Now she slipped on her quilted pink housecoat and her once plush pink slippers, now torn and stained from the walk through the woods to the Castle bell tower, and went to the pantry.

The box was still there. She had to stand on her toes to reach it and a wave of vertigo washed over her and she imagined how they’d find her. Dead in the pantry with a Mary Jane cigarette. She laughed at the image, and then laughed harder when she imagined Peggy Brell and Binnie Mueller at the club gossiping about it over drinks.
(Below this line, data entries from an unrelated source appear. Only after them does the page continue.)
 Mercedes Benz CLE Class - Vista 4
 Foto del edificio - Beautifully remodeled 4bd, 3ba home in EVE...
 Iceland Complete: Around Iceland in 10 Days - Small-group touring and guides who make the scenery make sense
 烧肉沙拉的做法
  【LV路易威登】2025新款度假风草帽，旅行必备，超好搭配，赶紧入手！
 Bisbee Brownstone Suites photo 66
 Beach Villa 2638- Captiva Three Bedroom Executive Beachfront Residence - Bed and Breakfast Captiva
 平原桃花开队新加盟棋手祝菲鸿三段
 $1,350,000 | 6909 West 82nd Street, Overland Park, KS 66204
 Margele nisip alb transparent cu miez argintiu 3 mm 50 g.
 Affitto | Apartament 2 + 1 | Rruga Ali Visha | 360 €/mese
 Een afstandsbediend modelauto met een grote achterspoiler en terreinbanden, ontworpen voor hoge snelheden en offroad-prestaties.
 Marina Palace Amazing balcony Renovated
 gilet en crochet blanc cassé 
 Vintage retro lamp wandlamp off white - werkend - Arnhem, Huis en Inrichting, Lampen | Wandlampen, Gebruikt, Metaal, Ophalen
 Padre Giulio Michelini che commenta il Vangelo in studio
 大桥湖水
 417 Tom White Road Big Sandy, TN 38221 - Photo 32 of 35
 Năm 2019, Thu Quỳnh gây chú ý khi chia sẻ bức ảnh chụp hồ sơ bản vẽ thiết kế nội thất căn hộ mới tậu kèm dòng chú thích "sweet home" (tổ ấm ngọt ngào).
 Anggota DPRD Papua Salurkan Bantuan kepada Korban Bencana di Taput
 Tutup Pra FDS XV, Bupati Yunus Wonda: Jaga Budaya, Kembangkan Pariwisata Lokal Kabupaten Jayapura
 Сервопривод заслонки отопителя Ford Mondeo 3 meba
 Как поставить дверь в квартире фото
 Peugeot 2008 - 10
Outside on the patio overlooking the green sea of lawn, she was grateful for the cool breeze blowing west toward the factory instead of away. The night air was clear of the oily residue from the smoke that pumped out of Plants 2 and 3 day and night. As constant as the sun and the moon.

She reread her grandson’s note: For the pain. For what pain? Wasn’t there an infinite variety, she thought. Physical. Emotional. Existential. The pain of youth when it seems as if time slogs ahead like a snail stuck in the sunshine after a rainstorm. The pain of middle age when time slips through one’s fingers. And the pain of old age. Well, that was one helluva list. He couldn’t know—about her cancer. Could he?